[Short text fragments from websites]
^^^^
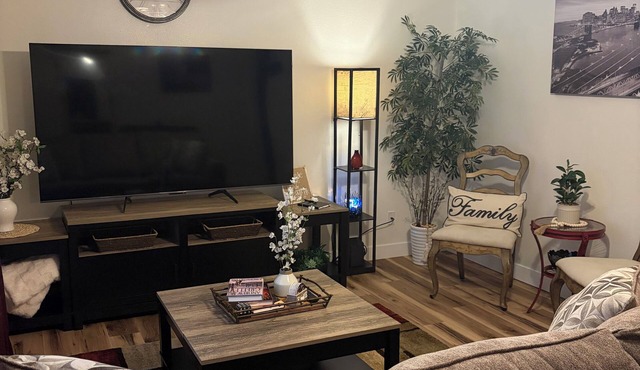Spacious 3-bedroom house in peaceful Spokane with AC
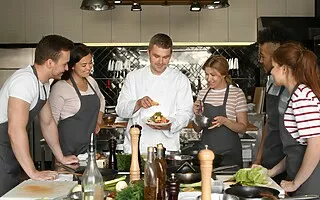 Comment trouver un cours de cuisine de qualité ? (ce que les pros regardent)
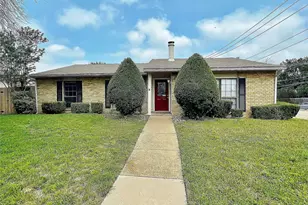 1802 Natchez Ct, Grand Prairie, TX 75052 - Photo 1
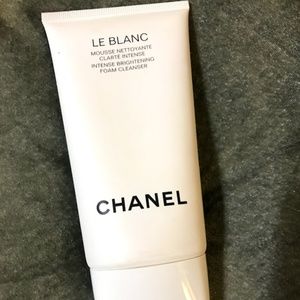 CHANEL Makeup - Chanel LE BLANC Intense Brightening Foam Cleanser CHANEL Makeup - Chanel LE BLANC Intense Brightening Foam Cleanser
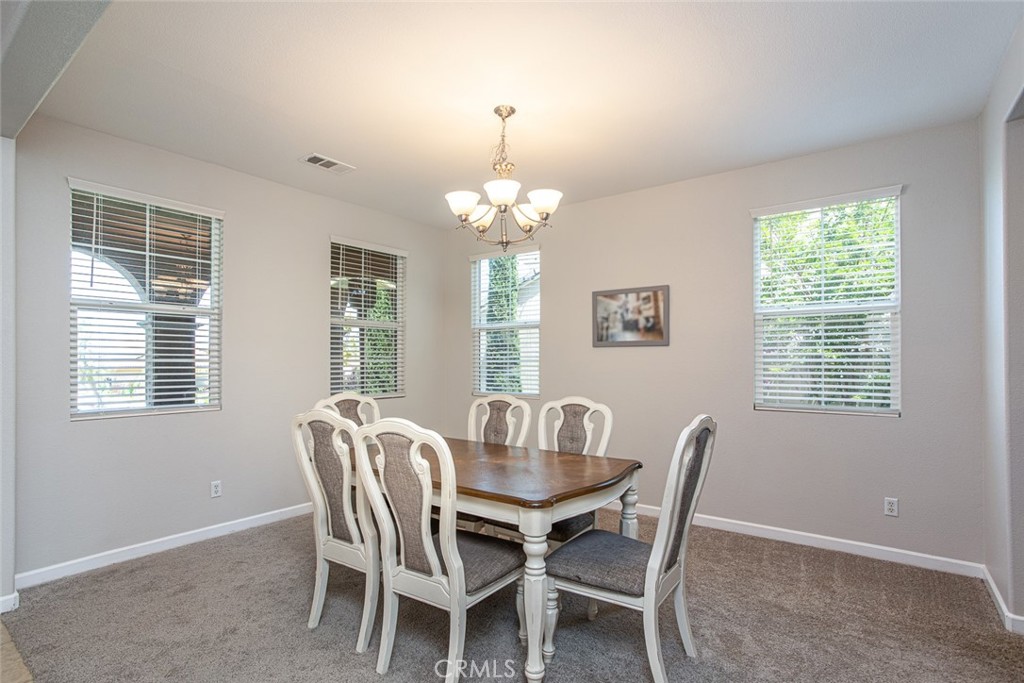 MLS #OC25135935 img 4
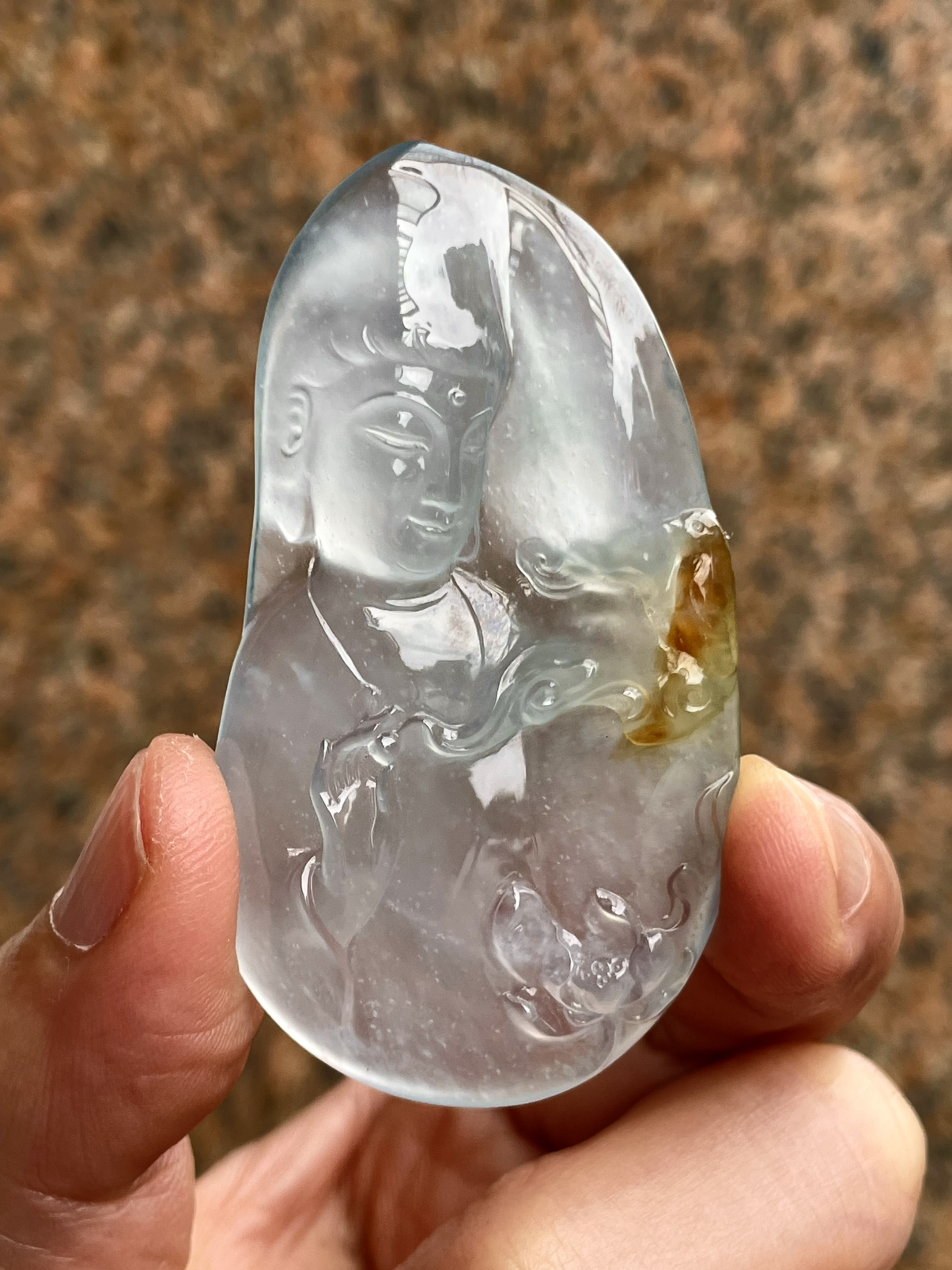 【冰种黄翡观音半身像】老料雪花棉，种水很不错，冰感明显，俏色漂亮，面部纯净，大件厚装，可以收藏的品质。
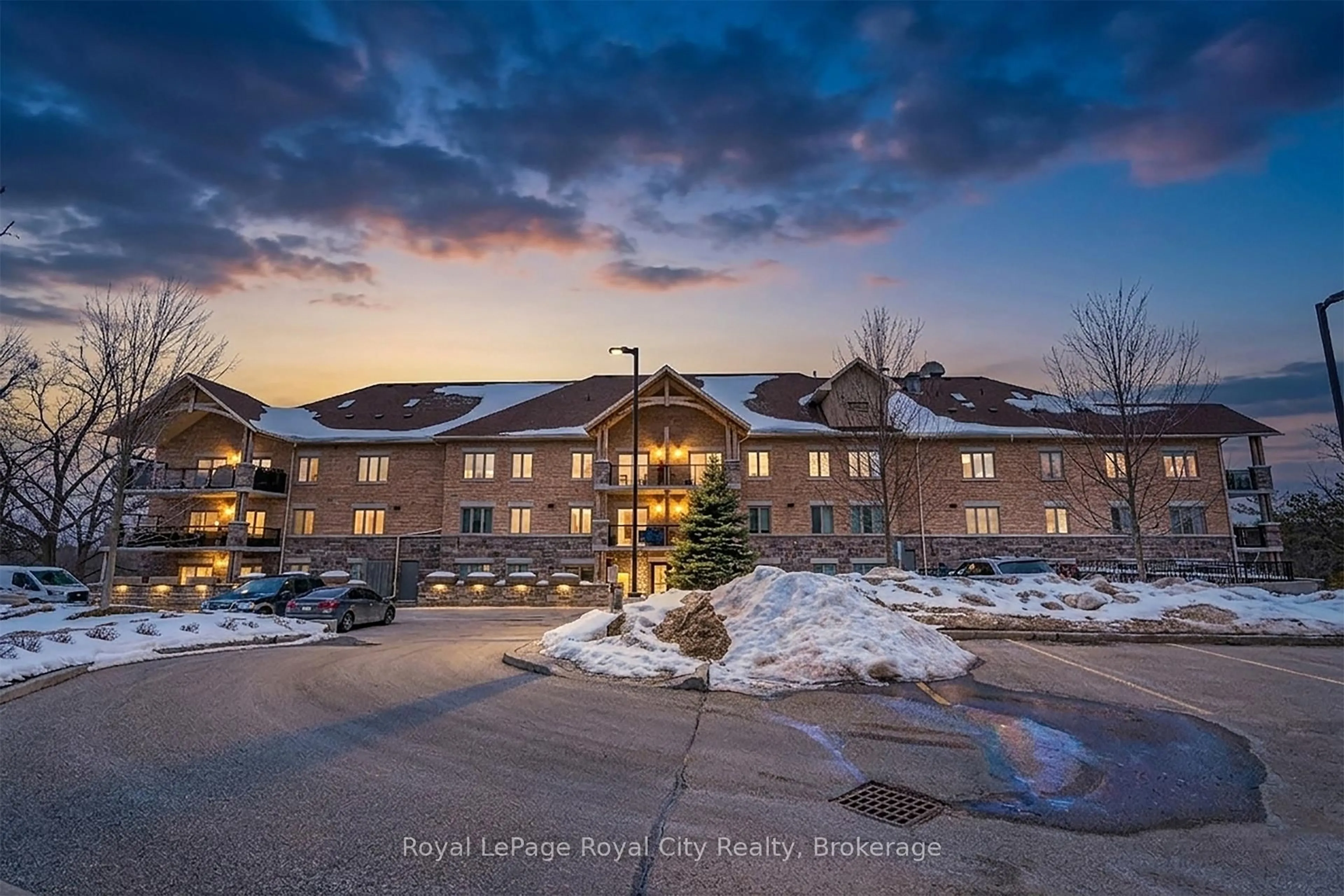 Unknown for 19 Stumpf St #106, Centre Wellington Ontario N0B 1S0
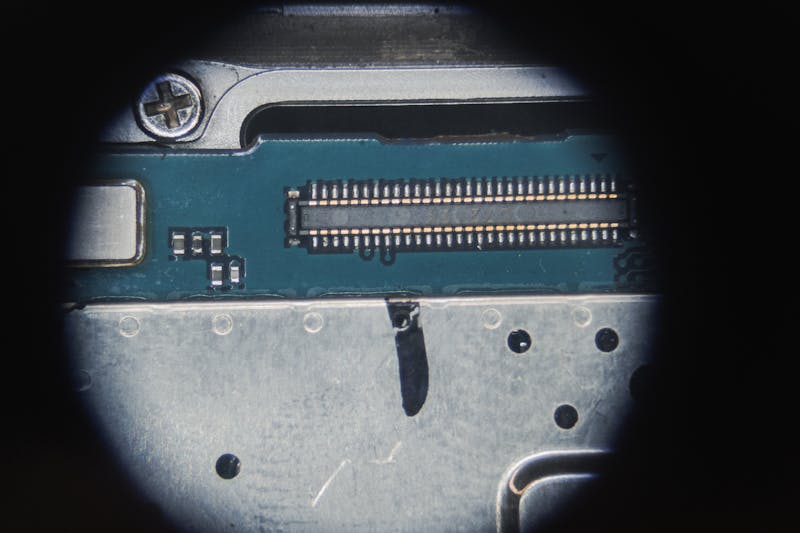 smartphone cracked screen diagnostic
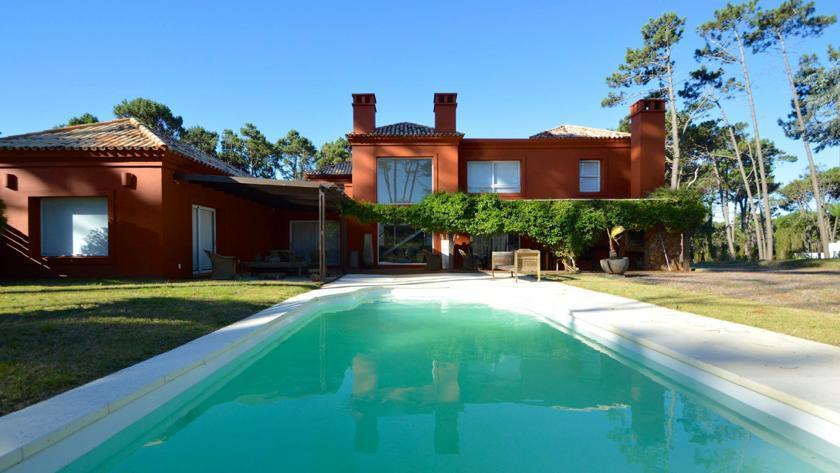 Foto de Casa con Pileta en Barrio Cerrado Laguna Blanca - TM5816, imagen 3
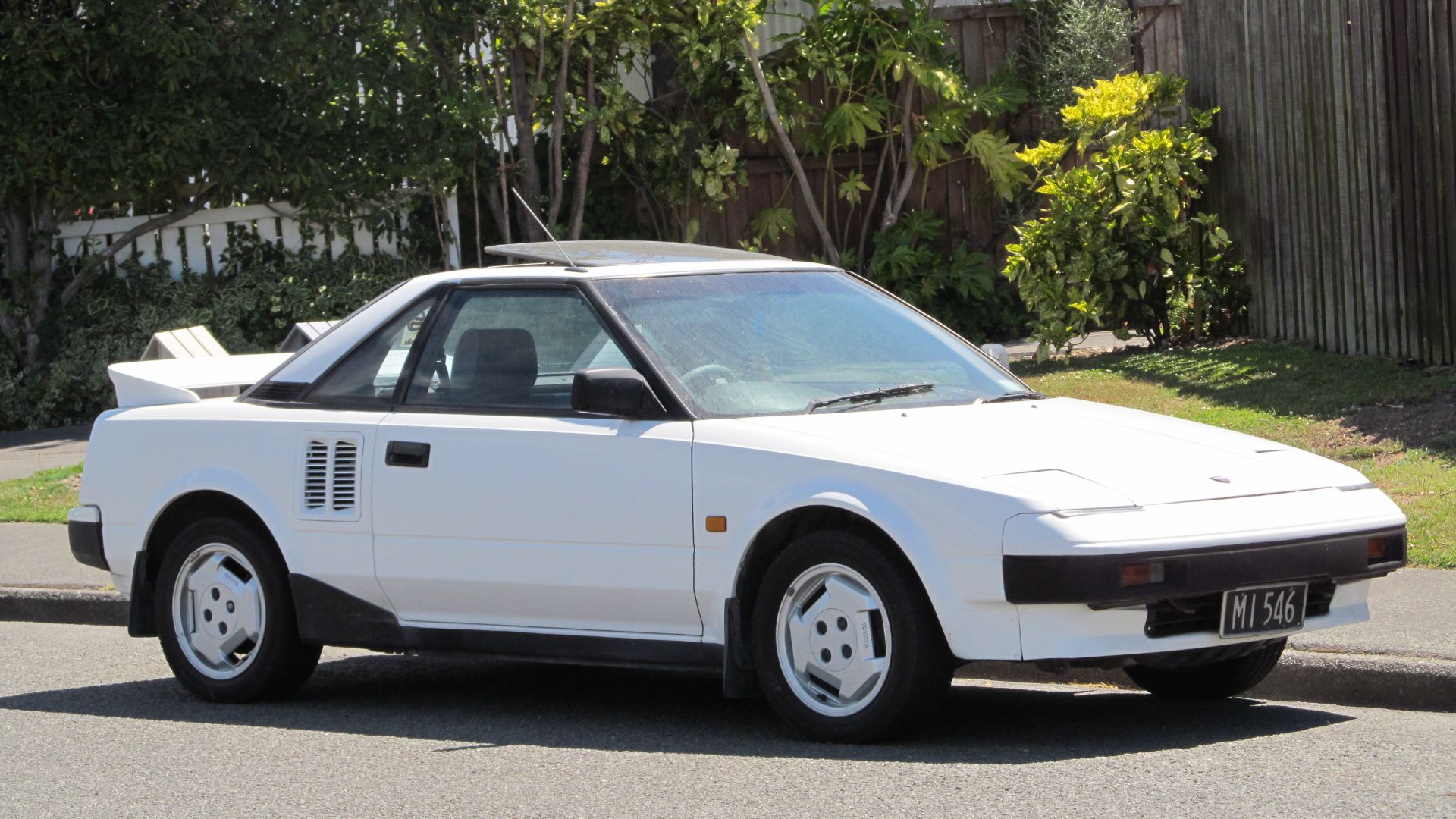 File:1985 Toyota MR2 (9350733676).jpg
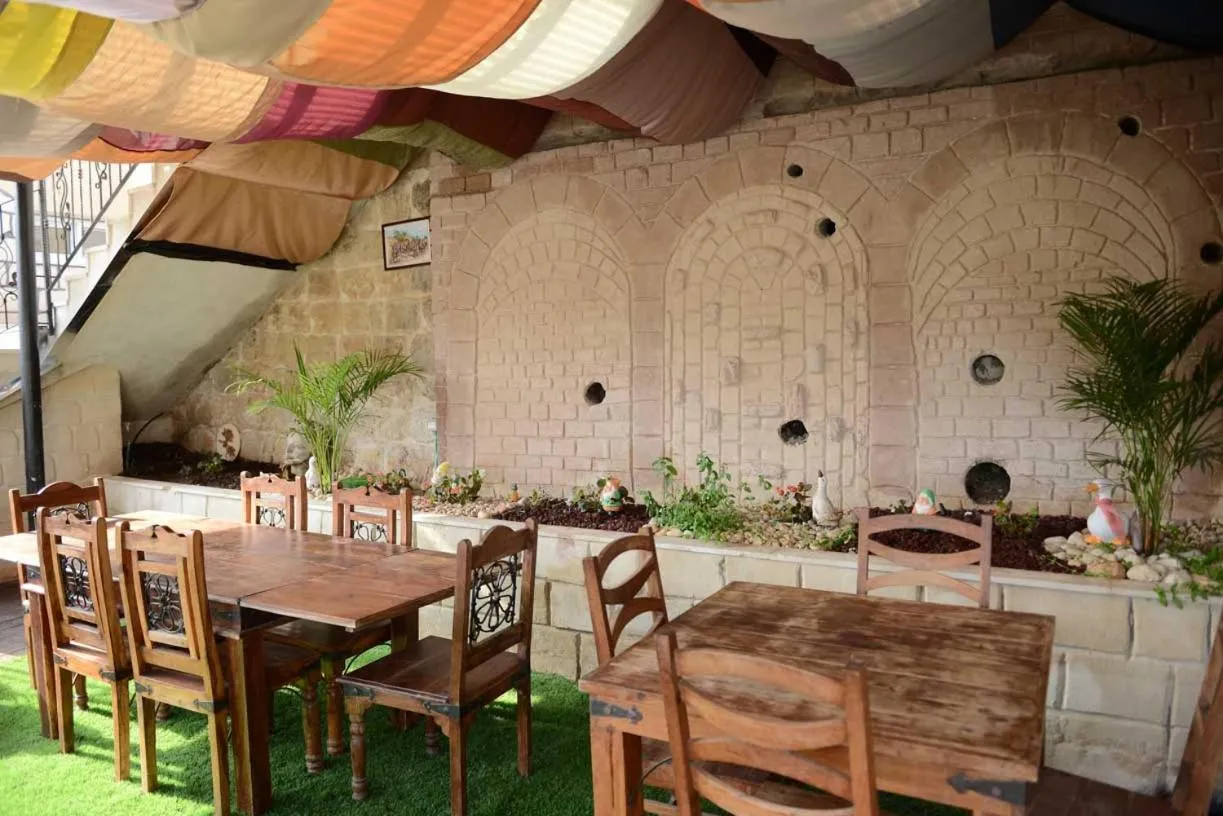 Food and drinks in Mensa Christi Guesthouse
^^^^
## AIM OF THE EXERCISE
Keeping every word as it is, write out all the data and omit the pictures.

## ANSWER BOX
Spacious 3-bedroom house in peaceful Spokane with AC
 Comment trouver un cours de cuisine de qualité ? (ce que les pros regardent)
 1802 Natchez Ct, Grand Prairie, TX 75052 - Photo 1
 CHANEL Makeup - Chanel LE BLANC Intense Brightening Foam Cleanser CHANEL Makeup - Chanel LE BLANC Intense Brightening Foam Cleanser
 MLS #OC25135935 img 4
 【冰种黄翡观音半身像】老料雪花棉，种水很不错，冰感明显，俏色漂亮，面部纯净，大件厚装，可以收藏的品质。
 Unknown for 19 Stumpf St #106, Centre Wellington Ontario N0B 1S0
 smartphone cracked screen diagnostic
 Foto de Casa con Pileta en Barrio Cerrado Laguna Blanca - TM5816, imagen 3
 File:1985 Toyota MR2 (9350733676).jpg
 Food and drinks in Mensa Christi Guesthouse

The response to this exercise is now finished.